The foregoing description of the Credit Agreement is not complete and is qualified in its entirety by reference to the full text of the Credit Agreement, a copy of which is attached hereto as Exhibit 10.1 and is incorporated herein by reference.

 

Item 1.02 Termination of a Material Definitive Agreement

On December 11, 2015, in connection with its entry into the Credit Agreement, the Company repaid all of the outstanding obligations under the Credit Agreement, dated July 27, 2011, among the RectorSeal Corporation and JPMorgan Chase Bank, N.A. (the “RectorSeal Credit Agreement”) as well as the obligations under the Credit Agreement, dated April 27, 2015, among the Whitmore Manufacturing Company, as borrower, JP Morgan Chase Bank, N.A., as administrative agent, and the other lenders party thereto (the “Whitmore Credit Agreement”).

The RectorSeal Credit Agreement provided for a $30 million line of credit and was secured by accounts receivable, inventory, equipment, investments and other assets. The Whitmore Credit Agreement provided for a revolving commitment and term loan totaling $90 million and was secured by a warehouse, corporate office, manufacturing and research and development facility and other assets. No penalties were incurred by the Company as a result of the repayments.

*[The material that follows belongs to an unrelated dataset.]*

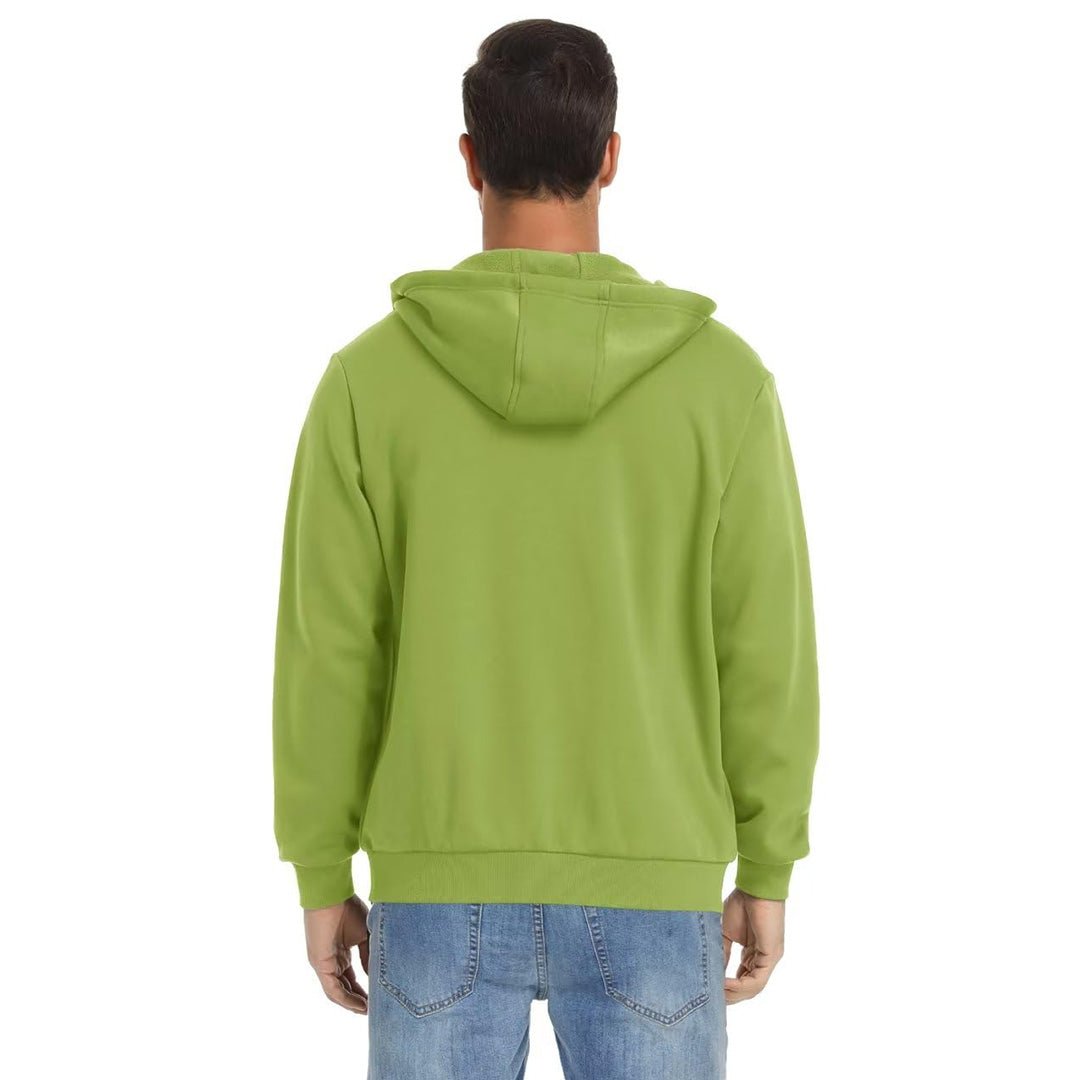 TACVASEN Olive Green Men's Full Zip - Up Casual Active Hoodie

Item 2.03 Creation of a Direct Financial Obligation or an Obligation under an Off-Balance Sheet Arrangement of a Registrant.

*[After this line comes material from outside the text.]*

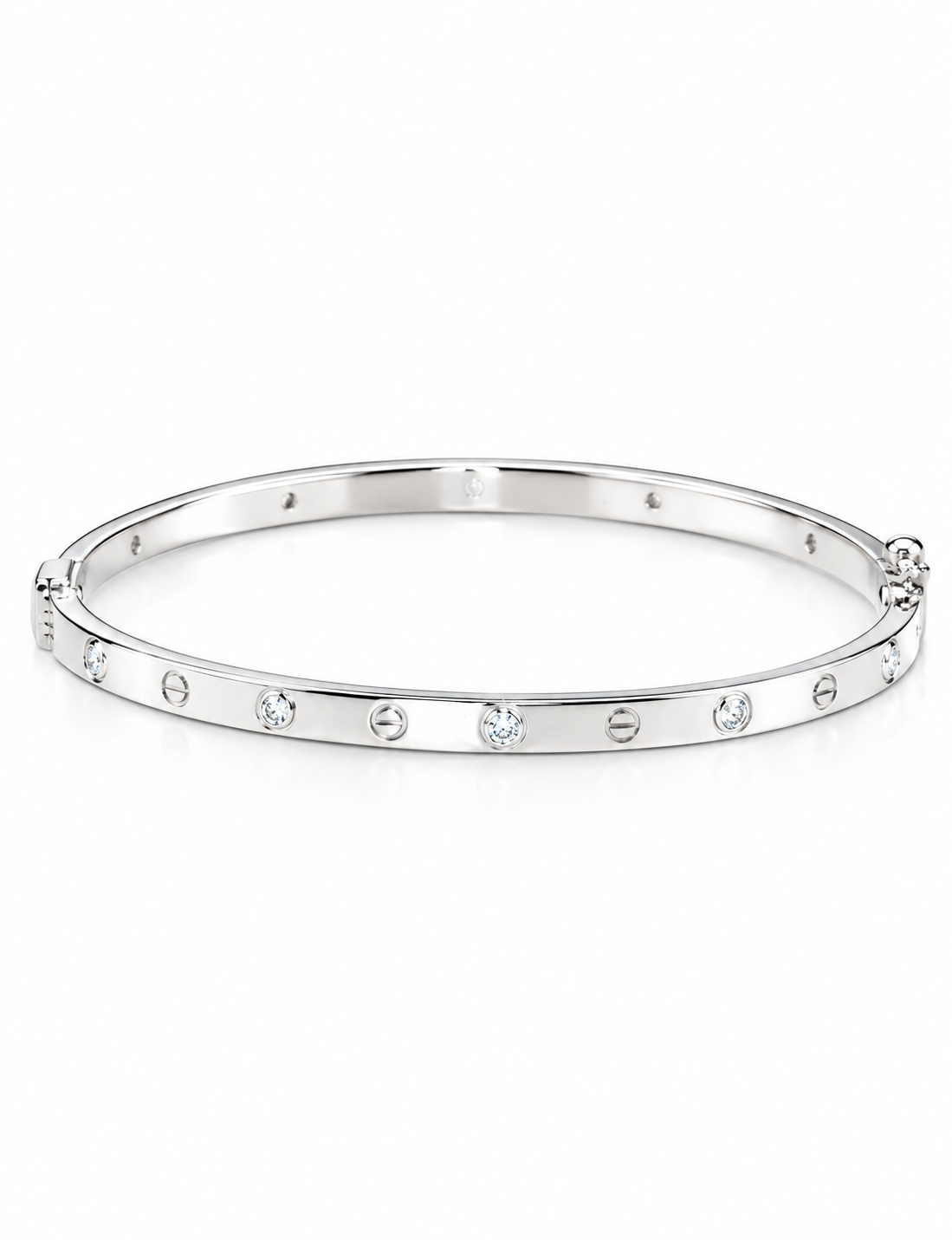 Silver Bracelet with Zirconia stones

The information provided in Item 1.01 of this report is incorporated by reference into this Item 2.03.

 

2


Item 7.01 Regulation FD Disclosure.

On December 14, 2015, the Company issued a press release announcing that it had entered into the Credit Agreement. A copy of that press release is furnished as Exhibit 99.1 to this Current Report on Form 8-K.

The information furnished under Item 7.01 and in Exhibit 99.1 attached hereto shall not be deemed “filed” for any purpose, including for the purposes of Section 18 of the Securities and Exchange Act of 1934, as amended (the “Exchange Act”) or otherwise subject to the liabilities of that section, nor shall it be deemed incorporated by reference into any filing under the Securities Act or the Exchange Act, regardless of any general incorporation language in such filing.

 

Item 9.01 Financial Statements and Exhibits.

(d) Exhibits:

 

Exhibit

Number

  

Description

10.1    Credit Agreement, dated as of December 11, 2015, among CSW Industrials, Inc., CSW Industrials Holdings, Inc. and The Whitmore Manufacturing Company and the lenders identified therein.
99.1    Press release dated December 14, 2015.

 

3


SIGNATURE

Pursuant to the requirements of the Securities Exchange Act of 1934, the registrant has duly caused this report to be signed on its behalf by the undersigned hereunto duly authorized.

 

    CSW INDUSTRIALS, INC.
    By:  

/s/ Joseph B. Armes

    Name:   Joseph B. Armes
    Title:   Chairman and Chief Executive Officer
Date: December 17, 2015      


INDEX TO EXHIBITS

 

Exhibit

Number

  

Description

10.1    Credit Agreement, dated as of December 11, 2015, among CSW Industrials, Inc., CSW Industrials Holdings, Inc. and The Whitmore Manufacturing Company and the lenders identified therein.
99.1    Press release dated December 14, 2015.